An attempt to evaluate
       let r2 = Set1.member 3 s3;;
			      ^^
     This expression has type Set3.set = SETF(Ord_LE(IntEnum)).set
     but is here used with type Set1.set = SETF(Ord_LR(IntEnum)).set

leads to a type error. And so does this:

} module Set4 = SETF(Ord_LE(CharEnum));;
} let s4 = Set4.add 'a' (Set4.add 'b' Set4.empty);;
} let r4 = Set4.member 'c' s4;;

       let rw = Set1.add 1 Set4.empty;;
			   ^^^^^^^^^^
     This expression has type Set4.set = SETF(Ord_LE(CharEnum)).set
     but is here used with type Set1.set = SETF(Ord_LR(IntEnum)).set

The error message itself is remarkable. It says that the type 
SETF(Ord_LR(IntEnum)).set is different from SETF(Ord_LE(IntEnum)).set
and from the type SETF(Ord_LE(CharEnum)).set. And yet
SETF(Ord_LR(IntEnum)).set produced in two different applications of
SETF(Ord_LR(IntEnum)) is the same. However, 'set' itself remains
abstract. Indeed, if we attempt to break the barrier and access 'set'
as if it were a list (which it is, operationally), we get a type
error:

       List.length Set1.empty;;
		   ^^^^^^^^^^
     This expression has type Set1.set = SETF(Ord_LR(IntEnum)).set
     but is here used with type 'a list

How can we implement such an applicative and translucent functor in
Haskell? As Chung-chieh Shan pointed out, we need higher-ranked types, and
skolemization.

First, we introduce an auxiliary class, over a higher-ranked type
parameter:

> class SETE r where
>     lempty ::  r l elem
>     ladd   :: (ORD l elem) => elem -> r l elem -> r l elem
>     lmember:: (ORD l elem) => elem -> r l elem -> Bool

The class describes the signature of a transparent functor: notice the
parameterization by ORD. Now we have to claim that the result of
applying SETE to the ORD `module' is a SET. In Haskell terms, we have
to make the result of `applying' SETE an instance of the class SET:

> newtype SetESet a = SetESet a
> instance (SETE setlabel, ORD ordlabel element) => 
>     SET element (SetESet (setlabel ordlabel element)) where
>   empty = SetESet $ lempty
>   add e (SetESet s) = SetESet $ ladd e s 
>   member e (SetESet s)  = lmember e s

This is clearly the boilerplate. One may hope that it could be
automated, eventually. It is worth pointing out the sharing
constraint: the fact that 'element' type of a set is the same as the
element type of ORD is expressed here by using the same type variable
'element' in both places. So, the type sharing constraint of ML is
expressed by sharing a name in Haskell.

Now, we need to make the 'set' type hidden while at the same type
making sure we do not hide the element type:

> data SETFE = forall f. SETE f => SETFE (forall a b. (SetESet (f a b)))

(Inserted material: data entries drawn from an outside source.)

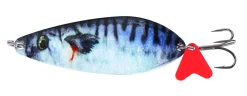 Fish4All Seducer Spoon (40g)
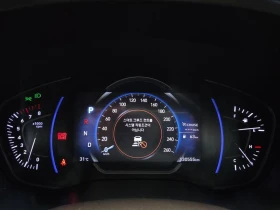 Hyundai Santa fe Gasoline 2.0T 4WD| 235�.�.| ���.��������� | Mobile.bg � ����� ������ 8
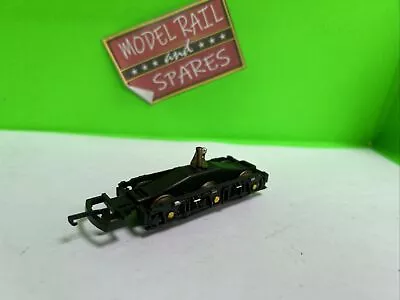 LIMA CLASS 55 / 50 Dummy Bogie Clip Diesel Loco OO Train Spares • £12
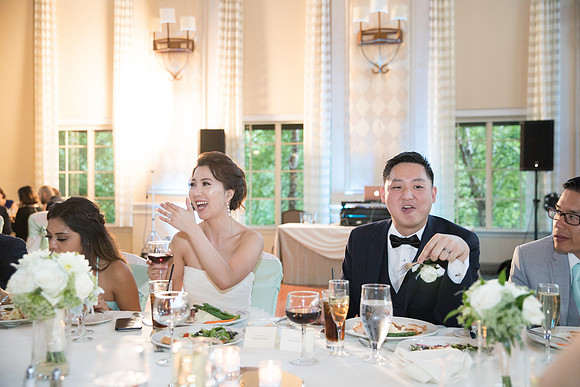 2017.07.22 Joyce & Stephano's Wedding-898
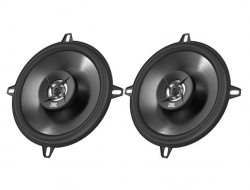  JBL Stage 502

As before, an abstract type of ML corresponds to a type variable in
Haskell -- only here it is an explicitly quantified type variable.  The
existential quantification provides the unbreakable abstraction
barrier. As Chung-chieh Shan repeatedly emphasized in his paper, the insight
here is skolemization, needed to universally quantify _under_ the
existential quantification. And for that, we need a higher-ranked type.

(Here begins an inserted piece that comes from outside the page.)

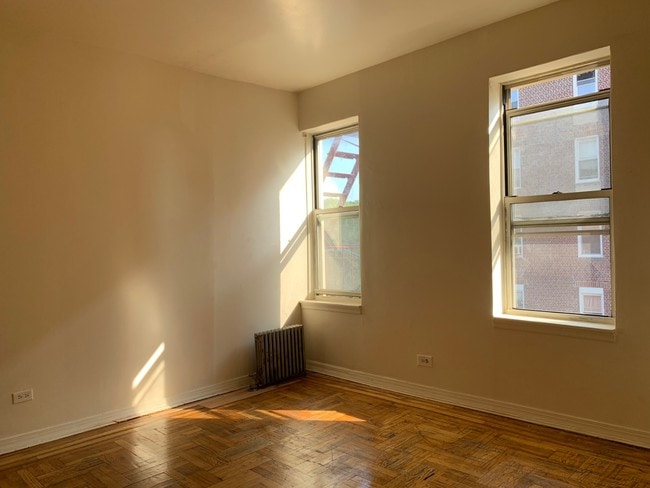 Building Photo - Unbelievable Jr. 1 bedroom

We haven't yet provided the implementation for the functor SETE:

> newtype SLE l e = SLE [e]
>
> instance SETE SLE where
>     lempty = SLE []
>     ladd e s@(SLE set) = if lmember e s then s else SLE$ e:set
>     lmember e (SLE set::SLE l e) = 
>              not (null (filter (compr (undefined::l) e) set))

And here is the applicative functor itself:

> setfe = SETFE (SetESet(lempty::SLE l e))

We must emphasize that it is an ordinary Haskell value. Thus we gained
not only a higher-order module system, but also a first-class one.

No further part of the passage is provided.